Die euopäischen Staats- und Regierungschefs haben sich am Donnerstag, den 18. Oktober 2007, auf einen neuen ’Reformvertrag’ geeinigt. Somit beenden sie zwei Jahre des Stillstands, zu dem es nach der Ablehnung des Entwurfs der EU-Verfassung 2005 gekommen war. Die Aufmerksamkeit wird sich nun bald der Ratifizierung zuwenden, da einige Länder unter Druck stehen, ein Referendum über den neuen Text abzuhalten.

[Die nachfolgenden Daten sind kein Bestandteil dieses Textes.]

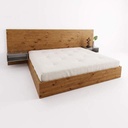 CAMA QUEEN CABECERA ANCHA CON MESAS DE NOCHE FLOTANTES (PINO TRATADO MACIZO)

Die EU-Staats- und Regierungschefs einigten sich am 18. Oktober 2007 während eines informellen Gipfels in Lissabon auf den endgültigen Text des neuen EU-Vertrags. José Socrates, der portugiesische Premierminister, präsentierte den Journalisten am Donnerstag abend den ‚Vertrag von Lissabon’. Er sagte, dass Europa mit dieser Übereinkunft die institutionelle Krise hinter sich gelassen habe.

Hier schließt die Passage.